Это была не просто принципиальная позиция. История правления Токугава насчитывает бесчисленное множество случаев, когда даймё справедливо или несправедливо попадали в опалу; были они по-настоящему виновны или им просто не повезло, они перебирались с процветающей земли, дающей много мешков риса, на территории в худшем месте, имеющие гораздо более скудные ресурсы. В таком случае даймё распускал отчасти или иногда, если опала была суровой, почти полностью свою челядь и телохранителей; последним приходилось искать занятия в другом месте или становиться ронинами.
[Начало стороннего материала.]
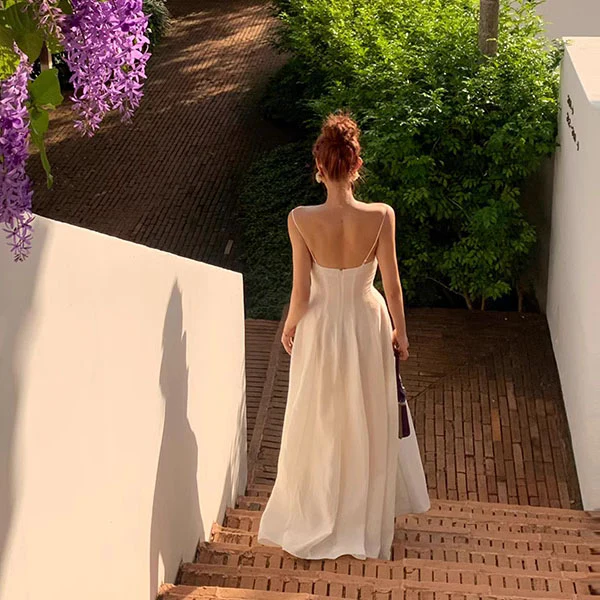 Calista White Flowy Elegance Maxi Dress - Image 8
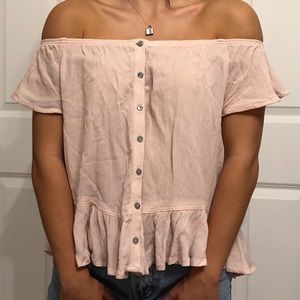 La Hearts off the shoulder top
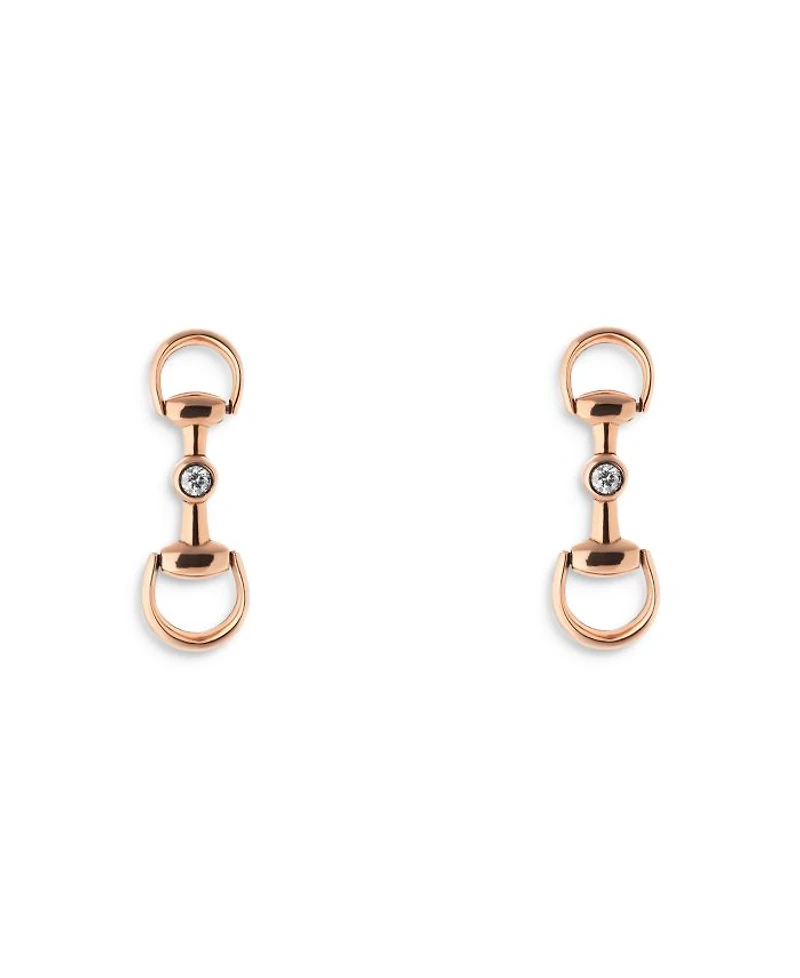 18K Rose Gold Horsebit Earrings with Diamonds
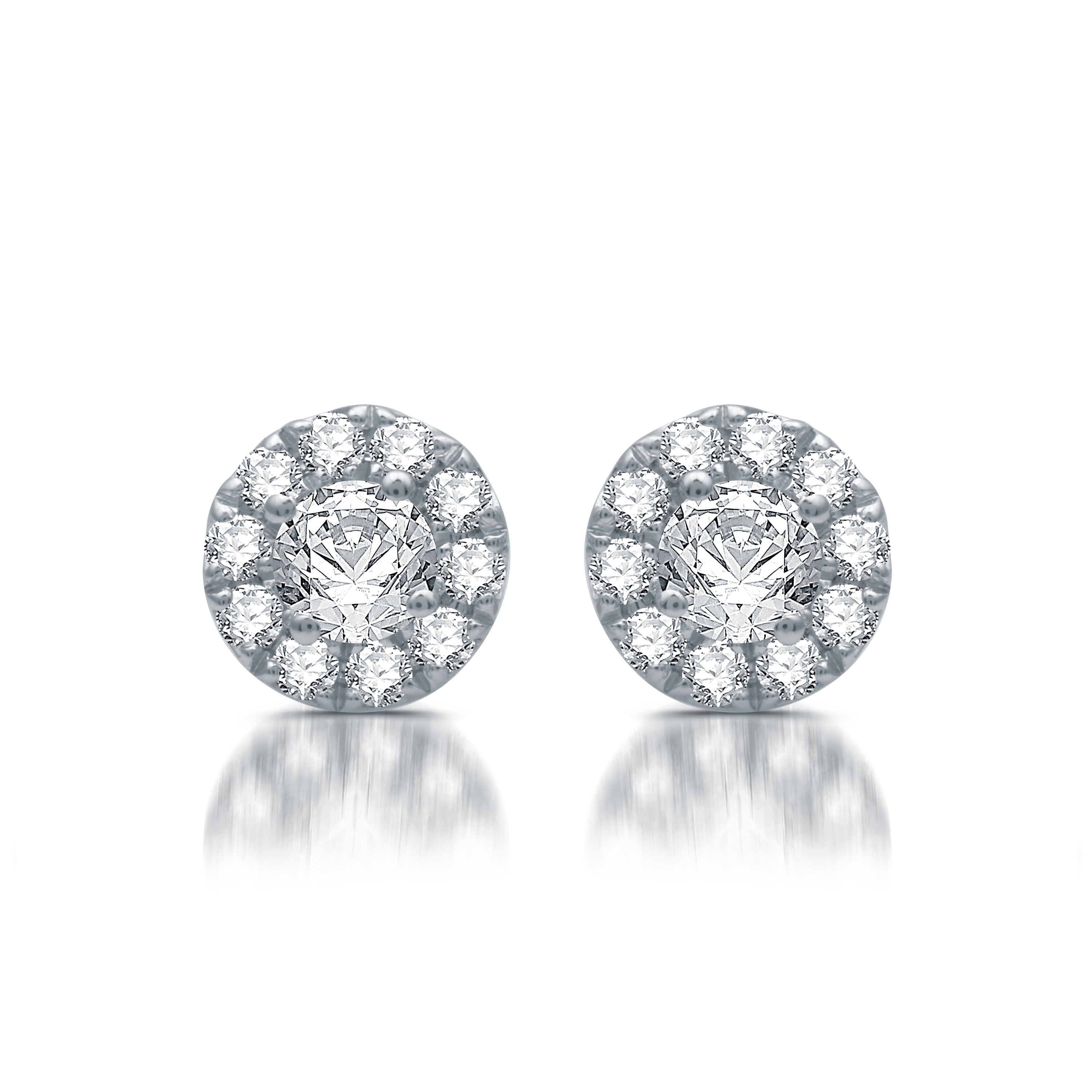 3/4 CTTW Lab Grown Diamond Stud Earrings in 10K White Gold - Walmart.com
Этот авторитарный подход не раз мог показаться несправедливым, но у него были свои достоинства; когда в XIX в. сёгун стал утрачивать способность прибегать к военной силе, режим отступил перед кланами, которые, лучше вооруженные и лучше усваивающие современные технологии, поддержали императора.
Японский новый порядок
Именно этим контекстом необходимого, но авторитарного восстановления порядка объясняется обнародование самых известных за рубежом юридических текстов в японской истории — законов о военных домах («Букэ сёхатто», 1629 г.). Первоначально это была книжечка из тринадцати частей, или статей, которую написал Токугава Хидэтада (1579–1632), третий сын Иэясу и второй сёгун (1605–1622) Эдо, фактически исполнявший свои функции под контролем отца, пока последний был жив. Модифицированные лет через тридцать, в 1663 г., чтобы запретить «самоубийства вослед», порой превращавшие кончину главы дома в гекатомбу, эти законы, зафиксированные в конечном счете в 1683 г., вызвали к жизни неиссякаемый поток литературы, посвященной чести и морали самураев. Если бросить взгляд на предыдущую японскую историю, то эти законоположения можно скорее одобрить как попытку правительства — подкрепленную угрозами — навязать кодекс чести людям, не знавшим иных моральных норм, кроме демонстративной и кровавой верности клану.